Unisys Looks to Unite Intel, Mainframe Systems

New computing architecture leverages partnership with NEC. New systems will start rolling out in late 2007.

Unisys is working on a new server architecture that will use virtualization and management software to unite its Intel-based and legacy mainframe platforms on the same systems.

The new architecture, announced June 27, will respond to what Unisys officials say is a growing trend toward a more scale-up environment—where customers put more workloads on fewer, larger systems—rather than scale-out infrastructures based on more and smaller servers.

"Scale-out has been running since 2001 or 2002," said Colin Lacey, vice president of Unisys Enterprise Server Group, in Blue Bell, Pa. "More recently, what were starting to see—with the real deployment of virtualization technologies in production environments—are configurations that are starting to scale up again."

Unisys cites numbers from analyst company IDC that project an 8.2 percent hike in the market for larger scale-up servers between 2007 and 2010.

To meet that expected demand, the company is leveraging its partnerships with NEC and Intel to create an architecture where not only Windows and Linux workloads, but also those based on Unisys OS2200 and MCP mainframe operating systems, can run simultaneously on a single system.
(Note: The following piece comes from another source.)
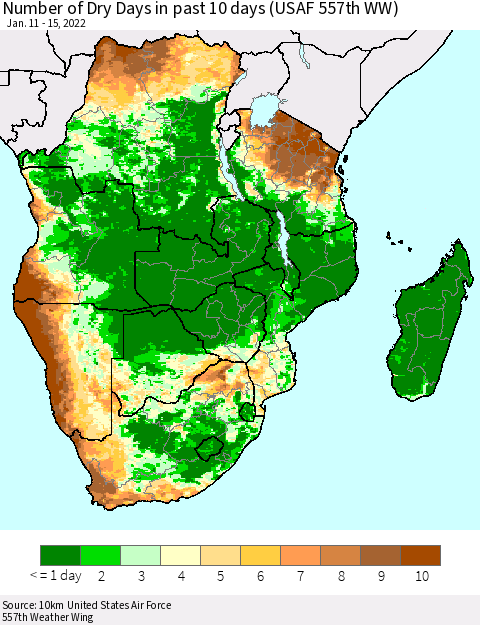 Southern Africa Number of Dry Days in past 10 days (USAF 557th WW) Thematic Map For 1/11/2022 - 1/15/2022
The initiative will help users save money through system consolidation and create a more flexible and dynamic computing infrastructure, Lacey said. It also will protect customers that have invested millions of dollars over the years in Unisys mainframe ClearPath systems, he said.

Jean Bozman, an IDC analyst in San Mateo, Calif., said Unisys move to merge its Intel-based and legacy mainframe environments and manage it through Unisys Sentinel software, makes sense.
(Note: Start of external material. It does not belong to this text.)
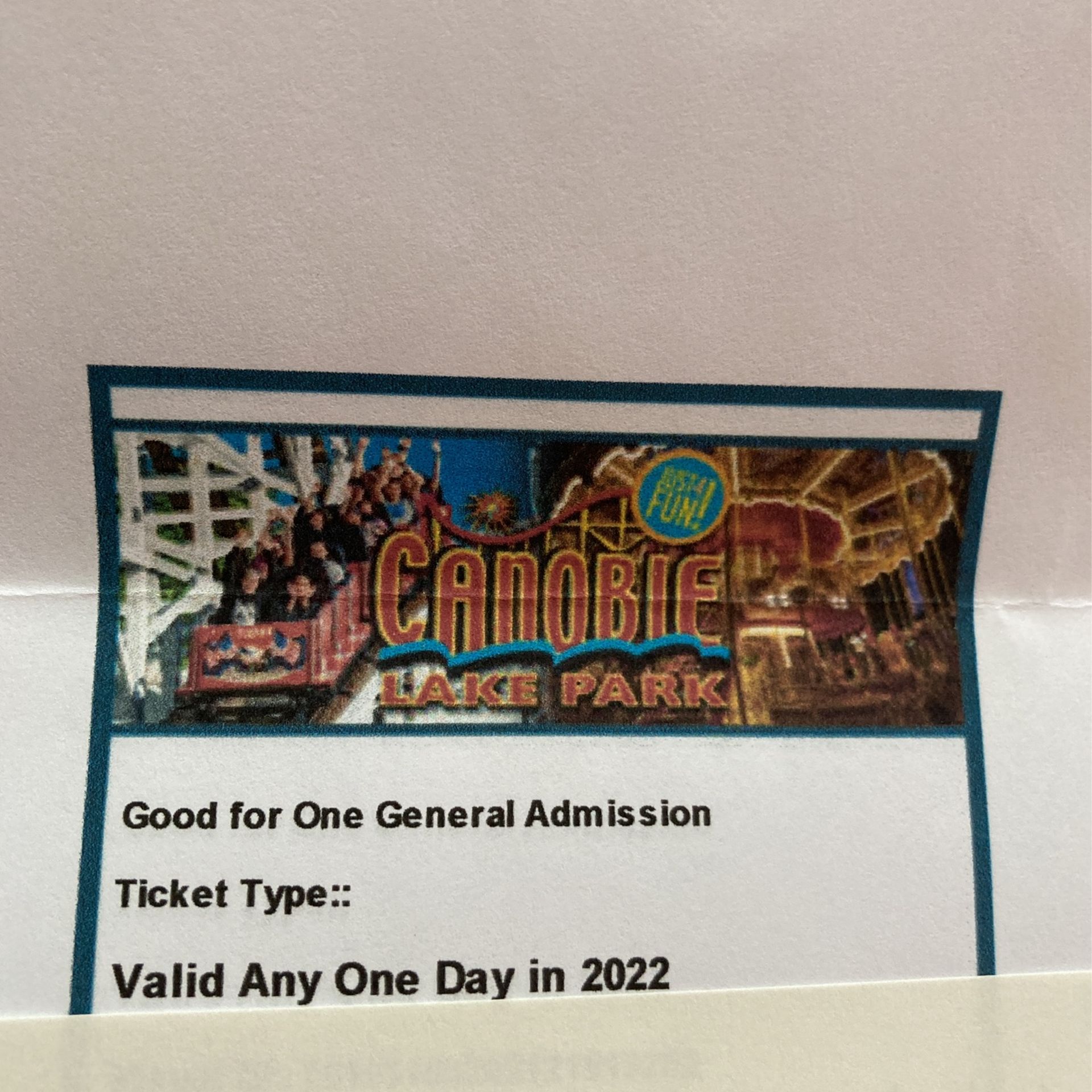 4 Canobie Lake Tickets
"By having this common platform, they can pull all these things together, which makes it very efficient," Bozman said.

Unisys collaboration with NEC in hardware development also is a smart move, she said. It will enable both companies to pool their assets and get products to market faster.
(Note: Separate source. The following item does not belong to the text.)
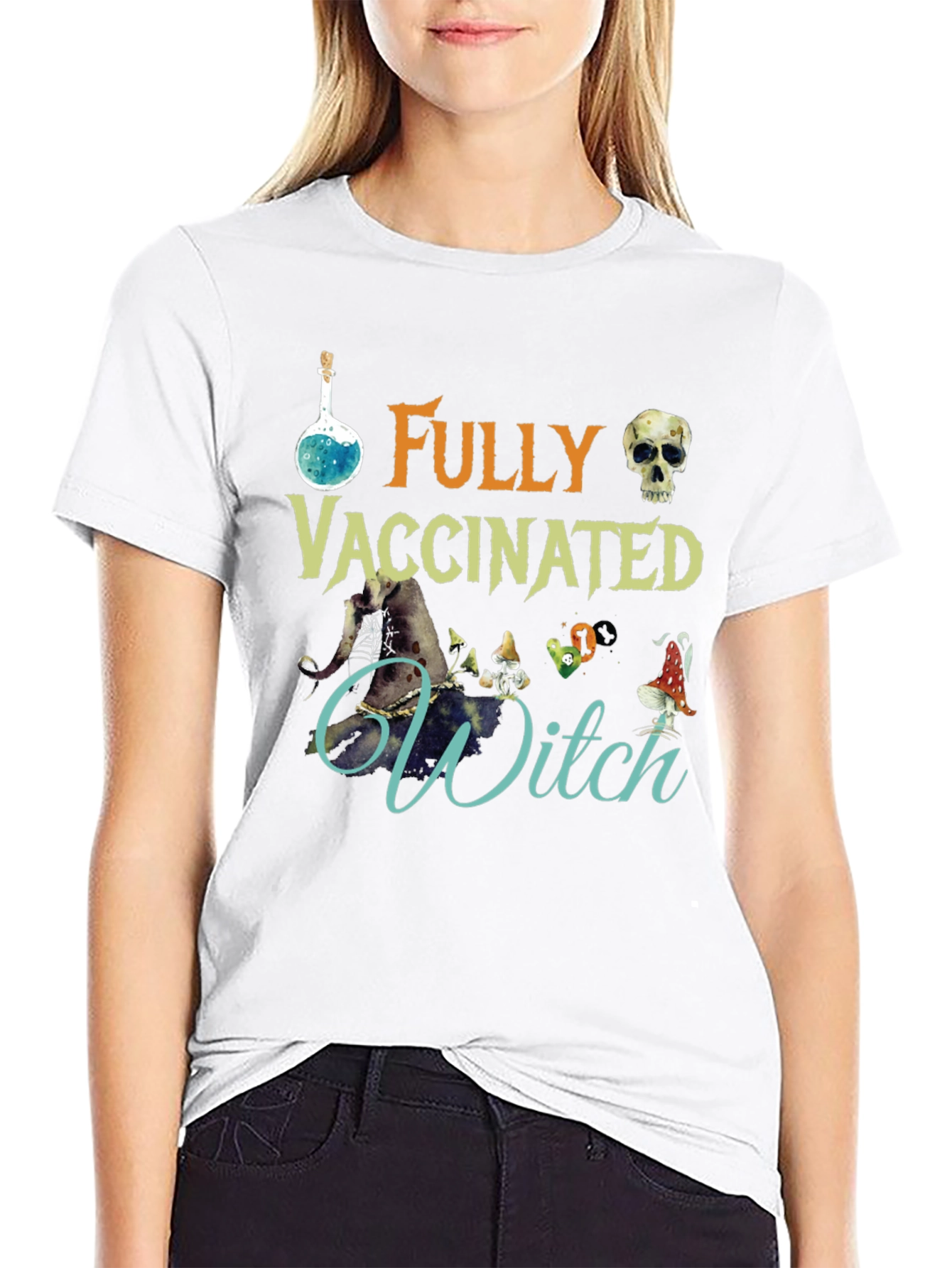 Fully Vaccinated Witch T-Shirt Halloween Tee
"I see a lot of advantages in this collaboration," Bozman said. "In [research and development], they will be getting more mileage out of the dollars they have to spend."

Bozman said its part of a larger trend of hardware companies teaming up to leverage their R&D capabilities, such as IBM and chip maker Advanced Micro Devices, and Sun Microsystems and Fujitsu.

Unisys has been working toward this common platform for some time. In May, the company released the ES7000/One, a system that can simultaneously run Xeon and Itanium processors from Intel.

Unisys expects the first systems within the new architecture to hit the market late next year. They will be based on Intels Xeon and Itanium processors, with Unisys phasing out the use of its custom CMOS chips.

Those systems will feature Unisys homegrown hypervisor virtualization technology, which will enable the multiple operating environments to run on a single physical system. Currently, Windows and Linux can run on ClearPath mainframes but have to do so in separate partitions. With the new architecture, those operating systems will be able to run on the same system as OS2200 and MCP, with the system sharing workloads dynamically among all environments. The Sentinel management software will enable the dynamic allocation of workloads among the various compute resources based on policies put in place by the user, Lacey said.

Unisys Agile Business Suite software, which will be enhanced for the new architecture, will enable faster application development. The company announced the first step in this direction June 27, with integrated software tools for the ClearPath operating systems and .Net environments. More tools for Java Enterprise Edition will roll out later this year, Lacey said.

The company also announced new ClearPath Dorado and Libra systems, proof points that Unisys intends to continue investing in the mainframes, he said. The new systems—the Dorado 380 and 390 and Libra 680 and 690—will give users a 40 percent performance increase as well as new provisioning capabilities, such as capacity on demand and pay per use. Capacity on demand allows users to add processing power as needed, while pay per use is a metering technology that lets customers pay only for the power they use. The systems also can reallocate workloads across a single processor module if there is a processor failure.